Return nothing but the lines from the line with "this 350×262 image." through the last line of the entries that follow, copied exactly and free of pictures.

[SUPPLIED RECORDS Boundary: Start]

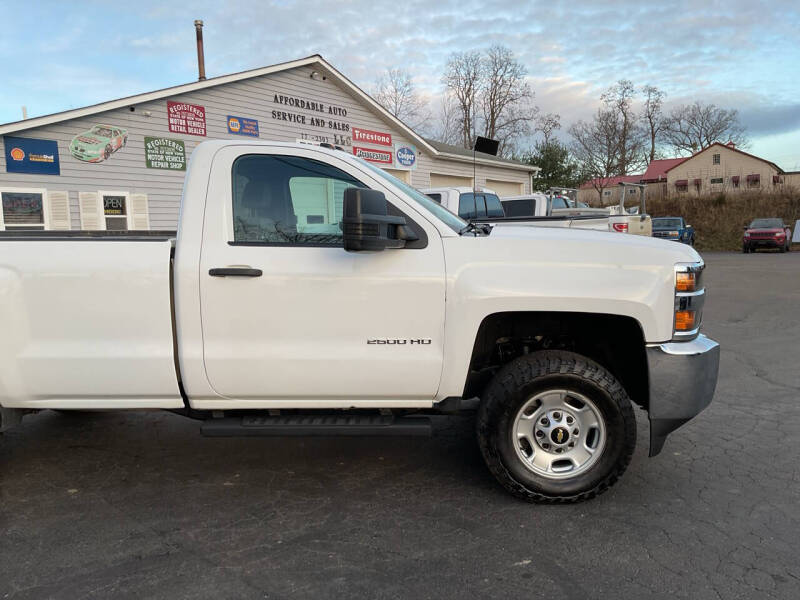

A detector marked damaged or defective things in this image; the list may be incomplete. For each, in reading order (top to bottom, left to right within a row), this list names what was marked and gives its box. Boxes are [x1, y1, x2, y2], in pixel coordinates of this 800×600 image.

cracked pavement [0, 251, 796, 596]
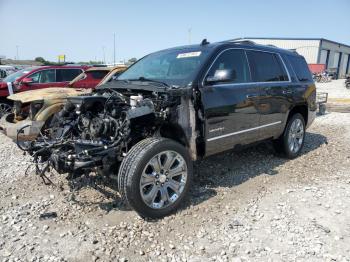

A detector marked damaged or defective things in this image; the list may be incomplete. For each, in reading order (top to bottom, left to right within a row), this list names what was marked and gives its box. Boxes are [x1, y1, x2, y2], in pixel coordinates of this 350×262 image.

front bumper missing [0, 113, 45, 141]
crumpled hood [7, 87, 92, 103]
wrecked car in background [0, 66, 127, 142]
wrecked car in background [16, 40, 318, 218]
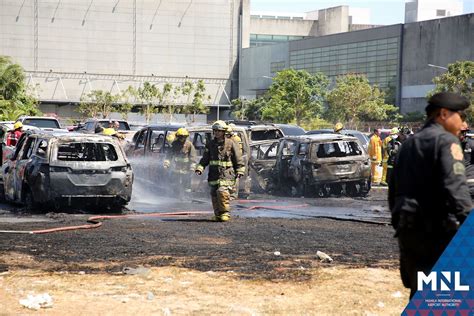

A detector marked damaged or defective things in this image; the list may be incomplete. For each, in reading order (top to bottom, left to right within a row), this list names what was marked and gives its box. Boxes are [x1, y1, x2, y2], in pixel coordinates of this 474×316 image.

burned car [0, 131, 133, 210]
charred vehicle [0, 131, 133, 210]
destroyed suv [0, 131, 133, 210]
charred vehicle [127, 124, 278, 195]
burned car [270, 134, 370, 198]
charred vehicle [270, 134, 370, 198]
destroyed suv [274, 133, 370, 198]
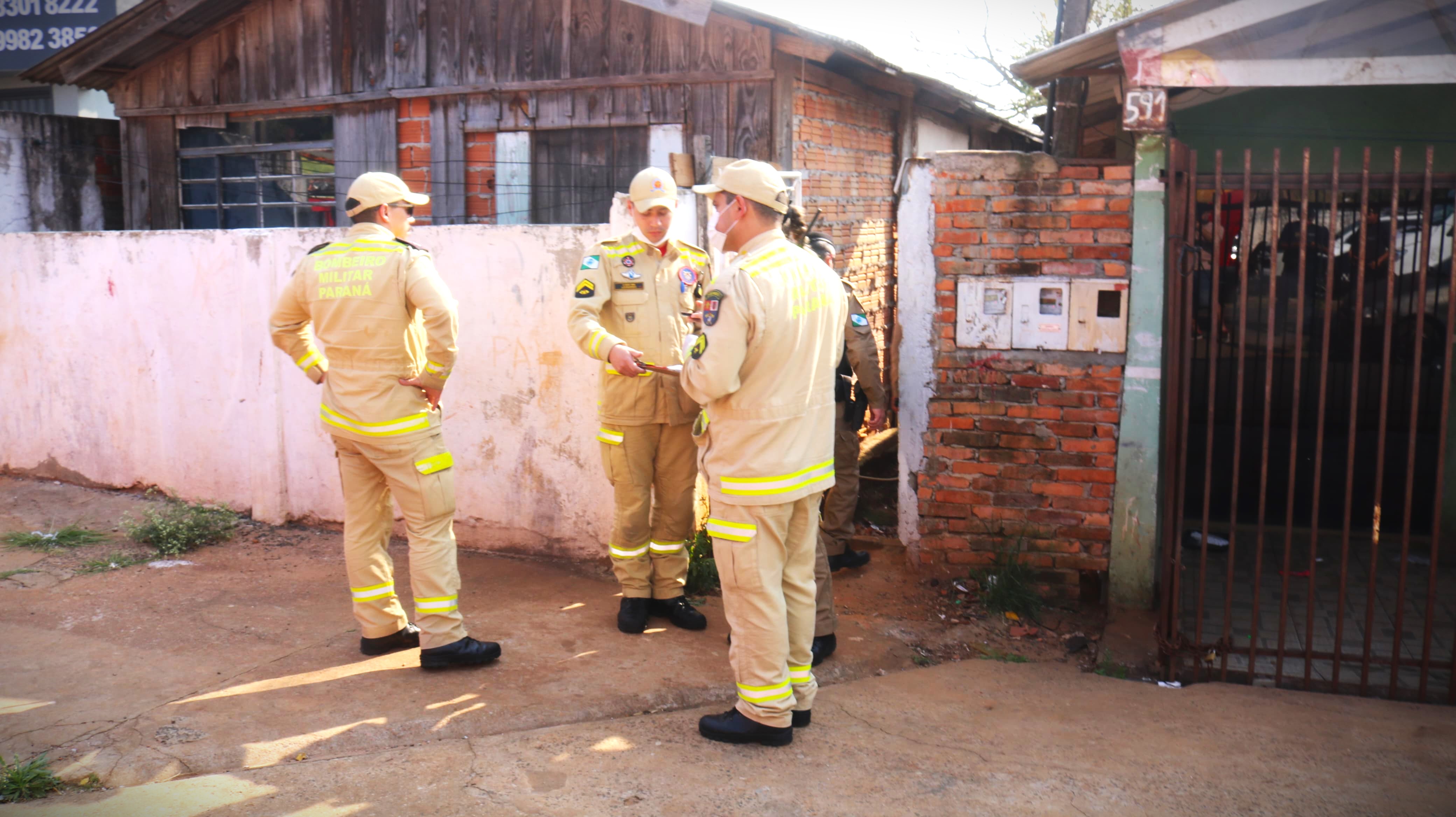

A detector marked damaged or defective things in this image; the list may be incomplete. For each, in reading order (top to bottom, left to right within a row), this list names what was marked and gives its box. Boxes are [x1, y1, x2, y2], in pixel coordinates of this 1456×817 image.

[SUPPLIED RECORDS Boundary: End]

### ANSWER SPACE
A detector marked damaged or defective things in this image; the list may be incomplete. For each, in reading order (top to bottom, left to right within a row), this list names what was marked and gives its box. Boxes are [x1, y1, x2, y2], in pixel coordinates of this 350×262 image.

front bumper missing [0, 113, 45, 141]
crumpled hood [7, 87, 92, 103]
wrecked car in background [0, 66, 127, 142]
wrecked car in background [16, 40, 318, 218]

A detector marked damaged or defective things in this image; the list may be incomplete. For each, in reading order (top to bottom, left to right within a row), this list names what was marked and gives its box. Boxes are [x1, y1, x2, y2], in pixel coordinates of this 474×316 image.

burned car [0, 131, 133, 210]
charred vehicle [0, 131, 133, 210]
destroyed suv [0, 131, 133, 210]
charred vehicle [127, 124, 278, 195]
burned car [270, 134, 370, 198]
charred vehicle [270, 134, 370, 198]
destroyed suv [274, 133, 370, 198]

A detector marked damaged or defective things in this image; the list may be incomplete. For each, in reading order (top to bottom, left to right within a row), this list names what was marked and gives its box. Boxes are [x1, y1, x2, y2], in pixel coordinates of this 1456×817 image.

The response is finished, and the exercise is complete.